━━━ Records for the task

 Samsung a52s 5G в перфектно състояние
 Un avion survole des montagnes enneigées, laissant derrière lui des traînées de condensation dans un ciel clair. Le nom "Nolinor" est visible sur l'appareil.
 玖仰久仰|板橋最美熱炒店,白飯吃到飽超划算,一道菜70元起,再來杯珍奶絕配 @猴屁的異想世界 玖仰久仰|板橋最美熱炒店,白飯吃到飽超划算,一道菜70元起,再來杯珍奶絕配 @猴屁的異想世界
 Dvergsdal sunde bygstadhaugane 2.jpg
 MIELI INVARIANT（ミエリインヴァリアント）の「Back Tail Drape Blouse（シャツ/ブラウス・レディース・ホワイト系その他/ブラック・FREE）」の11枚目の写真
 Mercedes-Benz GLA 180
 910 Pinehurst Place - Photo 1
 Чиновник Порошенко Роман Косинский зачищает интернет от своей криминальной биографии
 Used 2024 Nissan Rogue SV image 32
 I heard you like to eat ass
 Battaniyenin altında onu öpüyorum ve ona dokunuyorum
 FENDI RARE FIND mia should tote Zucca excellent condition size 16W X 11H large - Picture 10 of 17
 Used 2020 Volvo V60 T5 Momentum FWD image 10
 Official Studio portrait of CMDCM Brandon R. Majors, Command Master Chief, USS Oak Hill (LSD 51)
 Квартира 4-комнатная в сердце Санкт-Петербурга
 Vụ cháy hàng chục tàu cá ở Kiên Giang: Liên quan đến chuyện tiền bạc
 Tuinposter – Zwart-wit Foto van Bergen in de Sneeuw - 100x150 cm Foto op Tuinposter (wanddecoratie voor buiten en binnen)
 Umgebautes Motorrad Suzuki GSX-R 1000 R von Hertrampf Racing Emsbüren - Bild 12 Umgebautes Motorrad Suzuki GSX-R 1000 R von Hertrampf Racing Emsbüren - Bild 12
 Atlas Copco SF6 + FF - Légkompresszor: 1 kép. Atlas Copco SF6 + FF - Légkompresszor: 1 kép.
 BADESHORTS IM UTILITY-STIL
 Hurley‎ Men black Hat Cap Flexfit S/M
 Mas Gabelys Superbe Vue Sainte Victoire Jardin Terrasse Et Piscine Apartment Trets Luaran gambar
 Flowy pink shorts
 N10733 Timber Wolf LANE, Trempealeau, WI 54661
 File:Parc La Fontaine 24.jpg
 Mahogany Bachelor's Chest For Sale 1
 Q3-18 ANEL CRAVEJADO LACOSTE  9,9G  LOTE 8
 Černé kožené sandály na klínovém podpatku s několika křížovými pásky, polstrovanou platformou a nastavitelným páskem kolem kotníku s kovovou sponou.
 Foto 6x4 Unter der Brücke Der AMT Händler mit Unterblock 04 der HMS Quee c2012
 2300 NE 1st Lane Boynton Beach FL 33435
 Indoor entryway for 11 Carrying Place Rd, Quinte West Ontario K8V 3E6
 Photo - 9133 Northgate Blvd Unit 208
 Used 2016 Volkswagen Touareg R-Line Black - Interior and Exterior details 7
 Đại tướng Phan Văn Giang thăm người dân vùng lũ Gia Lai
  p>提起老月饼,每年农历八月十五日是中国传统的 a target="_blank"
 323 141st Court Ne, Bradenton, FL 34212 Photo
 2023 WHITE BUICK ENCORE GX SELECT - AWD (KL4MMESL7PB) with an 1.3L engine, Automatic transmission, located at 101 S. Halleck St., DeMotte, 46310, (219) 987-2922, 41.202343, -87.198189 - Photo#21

━━━━━━

=== What is being asked ===
Repeat word for word each line from the one with "Mas Gabelys Superbe" to the end of the records above, inclusive.

=== Reply to the task ===
 Mas Gabelys Superbe Vue Sainte Victoire Jardin Terrasse Et Piscine Apartment Trets Luaran gambar
 Flowy pink shorts
 N10733 Timber Wolf LANE, Trempealeau, WI 54661
 File:Parc La Fontaine 24.jpg
 Mahogany Bachelor's Chest For Sale 1
 Q3-18 ANEL CRAVEJADO LACOSTE  9,9G  LOTE 8
 Černé kožené sandály na klínovém podpatku s několika křížovými pásky, polstrovanou platformou a nastavitelným páskem kolem kotníku s kovovou sponou.
 Foto 6x4 Unter der Brücke Der AMT Händler mit Unterblock 04 der HMS Quee c2012
 2300 NE 1st Lane Boynton Beach FL 33435
 Indoor entryway for 11 Carrying Place Rd, Quinte West Ontario K8V 3E6
 Photo - 9133 Northgate Blvd Unit 208
 Used 2016 Volkswagen Touareg R-Line Black - Interior and Exterior details 7
 Đại tướng Phan Văn Giang thăm người dân vùng lũ Gia Lai
  p>提起老月饼,每年农历八月十五日是中国传统的 a target="_blank"
 323 141st Court Ne, Bradenton, FL 34212 Photo
 2023 WHITE BUICK ENCORE GX SELECT - AWD (KL4MMESL7PB) with an 1.3L engine, Automatic transmission, located at 101 S. Halleck St., DeMotte, 46310, (219) 987-2922, 41.202343, -87.198189 - Photo#21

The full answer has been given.